= Exercise inputs =

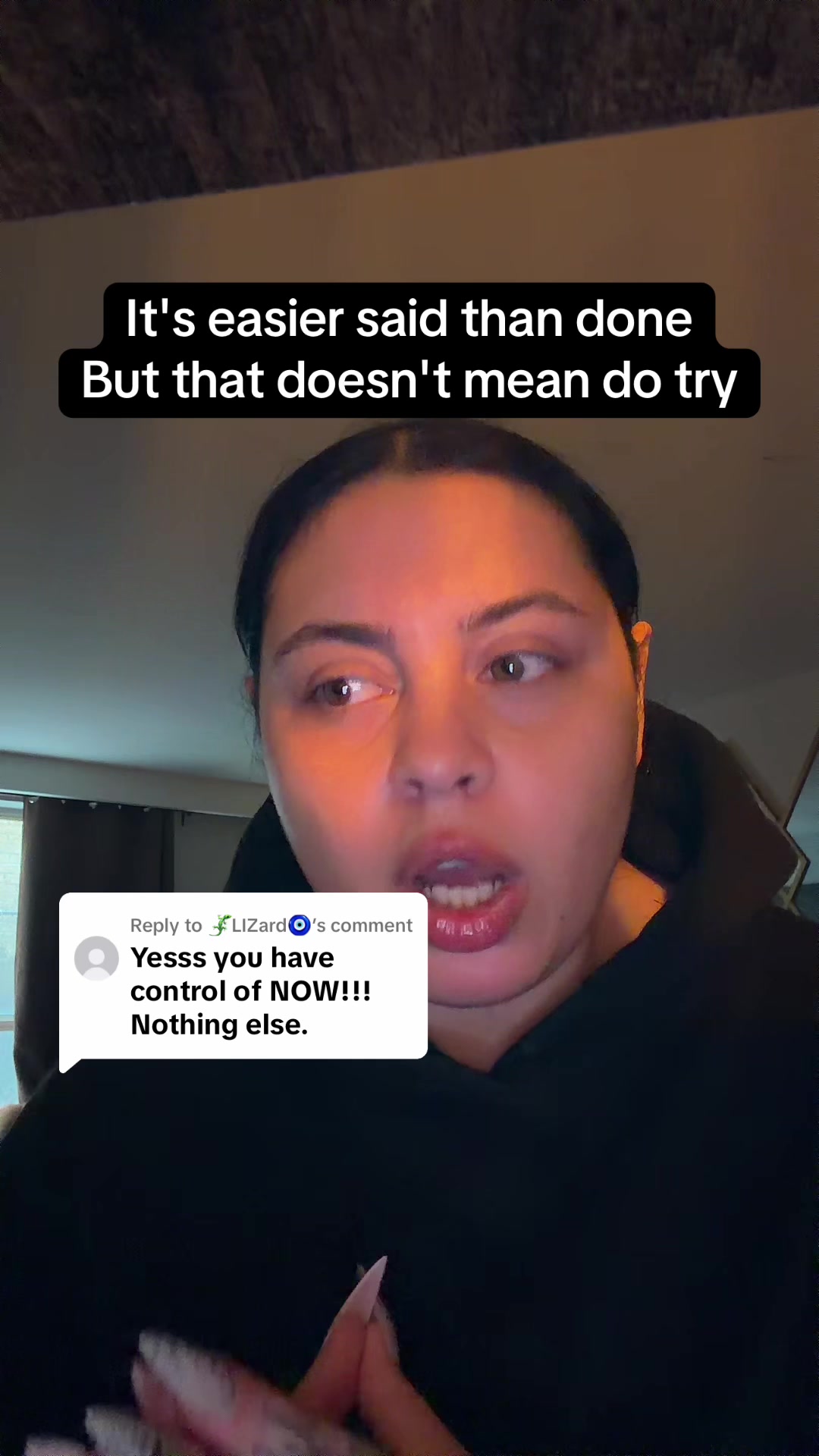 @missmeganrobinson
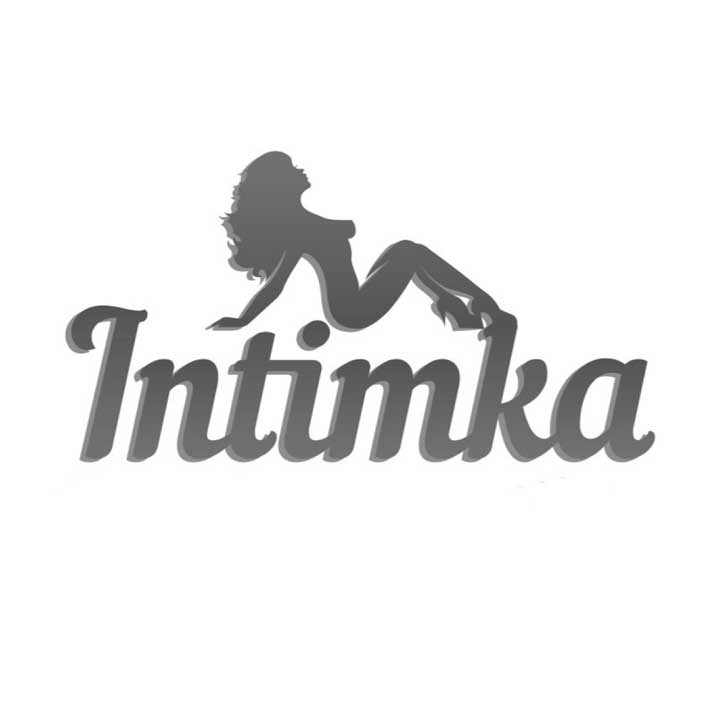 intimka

* * *

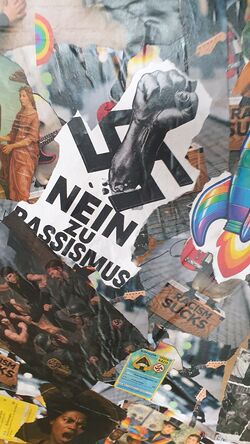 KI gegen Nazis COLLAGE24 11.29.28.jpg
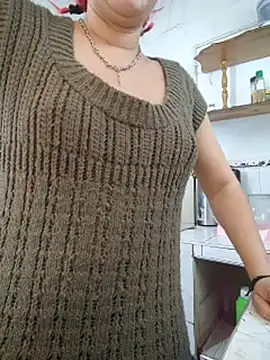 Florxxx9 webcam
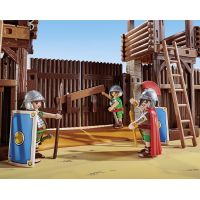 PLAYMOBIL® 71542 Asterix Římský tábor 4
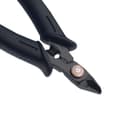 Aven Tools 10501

= What you have to do =
Taking the material above, give again exactly the lines from the one holding "PLAYMOBIL® 71542 Asterix Římský tábor 4" through the one holding "Aven Tools 10501", with both ends and without pictures.

= Response area =
 PLAYMOBIL® 71542 Asterix Římský tábor 4
 Aven Tools 10501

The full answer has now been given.